The great thing about friends and family is that you do not always need to say these words or tell them how bad it has got, many of them will just know by the sound of your voice or the fact you’ve been out of touch.  The difficult thing with depression and the S word is that it is so often darn near impossible to admit to it or to make that call to ask for help.

I guess the reason I am raising this today, as garbled as this post may be and as hard as I have found it to write, is that I want you to know that there is something you can do if you know someone is feeling this way.  Though they may not answer the phone, if you know where they live you can call round.  If they don’t reply to your email try sending them a letter by hand.  They may not seem pleased to see you, they may even be so stuck in their thoughts that they find it hard to focus on anything but that doesn’t mean that they don’t need you.  Having someone there for even an hour will mean even if they still feel it they wont be alone.

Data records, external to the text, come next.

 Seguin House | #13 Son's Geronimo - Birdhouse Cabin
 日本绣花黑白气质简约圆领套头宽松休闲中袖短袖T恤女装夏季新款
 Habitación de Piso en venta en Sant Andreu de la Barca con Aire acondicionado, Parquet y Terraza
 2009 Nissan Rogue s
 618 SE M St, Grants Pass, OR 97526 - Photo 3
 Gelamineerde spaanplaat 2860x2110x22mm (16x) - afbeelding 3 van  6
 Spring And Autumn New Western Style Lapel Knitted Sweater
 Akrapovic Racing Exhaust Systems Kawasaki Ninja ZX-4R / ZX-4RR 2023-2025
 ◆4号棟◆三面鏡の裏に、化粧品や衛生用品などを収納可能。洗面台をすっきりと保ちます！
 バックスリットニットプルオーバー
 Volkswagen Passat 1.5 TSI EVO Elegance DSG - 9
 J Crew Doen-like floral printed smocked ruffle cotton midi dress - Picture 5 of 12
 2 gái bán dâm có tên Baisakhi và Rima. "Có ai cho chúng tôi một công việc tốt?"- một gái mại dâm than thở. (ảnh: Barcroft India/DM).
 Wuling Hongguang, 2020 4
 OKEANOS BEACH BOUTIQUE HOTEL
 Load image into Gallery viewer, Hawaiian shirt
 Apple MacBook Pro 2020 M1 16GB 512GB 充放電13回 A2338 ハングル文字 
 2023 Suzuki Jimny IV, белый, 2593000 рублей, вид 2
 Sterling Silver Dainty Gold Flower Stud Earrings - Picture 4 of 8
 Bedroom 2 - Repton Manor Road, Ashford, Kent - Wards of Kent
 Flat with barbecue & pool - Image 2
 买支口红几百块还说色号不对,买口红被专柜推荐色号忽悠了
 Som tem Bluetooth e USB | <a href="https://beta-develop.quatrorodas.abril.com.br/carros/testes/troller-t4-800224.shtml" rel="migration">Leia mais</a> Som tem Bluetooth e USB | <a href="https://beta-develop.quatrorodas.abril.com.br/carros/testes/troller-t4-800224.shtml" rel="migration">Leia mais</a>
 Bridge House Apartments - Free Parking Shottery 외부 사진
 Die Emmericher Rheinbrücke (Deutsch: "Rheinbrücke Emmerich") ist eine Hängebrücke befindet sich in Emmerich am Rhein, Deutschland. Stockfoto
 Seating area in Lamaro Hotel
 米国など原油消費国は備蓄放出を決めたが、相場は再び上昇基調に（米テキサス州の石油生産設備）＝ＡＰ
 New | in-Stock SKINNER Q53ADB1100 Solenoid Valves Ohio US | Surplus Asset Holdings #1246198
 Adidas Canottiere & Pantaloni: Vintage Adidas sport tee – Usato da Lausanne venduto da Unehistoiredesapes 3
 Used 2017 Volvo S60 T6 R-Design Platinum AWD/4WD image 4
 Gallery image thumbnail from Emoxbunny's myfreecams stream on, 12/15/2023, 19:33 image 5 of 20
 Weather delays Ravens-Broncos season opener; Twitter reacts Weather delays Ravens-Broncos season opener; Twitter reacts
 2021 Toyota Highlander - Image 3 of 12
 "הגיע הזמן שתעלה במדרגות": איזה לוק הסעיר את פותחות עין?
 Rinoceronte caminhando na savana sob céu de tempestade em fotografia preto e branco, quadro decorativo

If you are concerned about them, call the doctor or another friend who can help out.  If they are struggling with the house, clean the dishes do the washing offer to look after kids or mow the lawn.  Do not trouble them with too many questions and whatever you do don’t let the words, “pull yourself together” or “get a grip” escape your lips.

They may say there is nothing you can do but if you can keep them company, take away one stress or just make sure they are getting support from the services you will have helped.  You will have saved them from those unbearable thoughts of the s word even for just a short while.

  • Today’s dress is from the swap shop.  I think from Danielle Star again though I may be mistaken.  My sister who is a sweetheart and just one of the many people who have done the above and in doing so saved my life time after time again took the photos.  This dress has already had three confirmed bidders so if you like it and want it prepare for a fight.